Output each line of the data below exactly, omitting any image.

- Supplied material
****
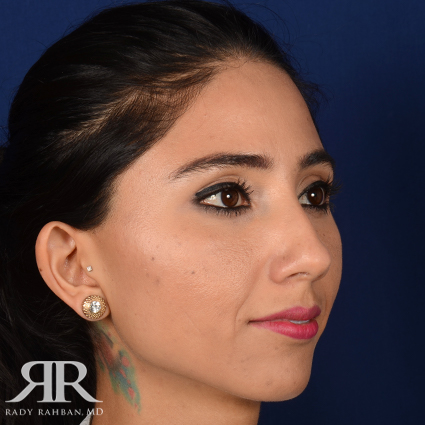 Female Rhinoplasty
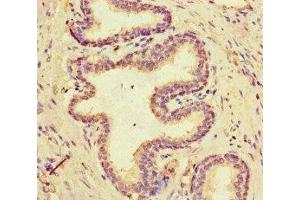 Immunohistochemistry of paraffin-embedded human prostate cancer using ABIN7160306 at dilution of 1:100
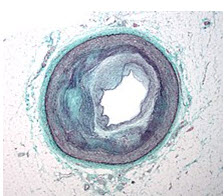 Macrography of an Coronary Artery In Disease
****
- Response
 Female Rhinoplasty
 Immunohistochemistry of paraffin-embedded human prostate cancer using ABIN7160306 at dilution of 1:100
 Macrography of an Coronary Artery In Disease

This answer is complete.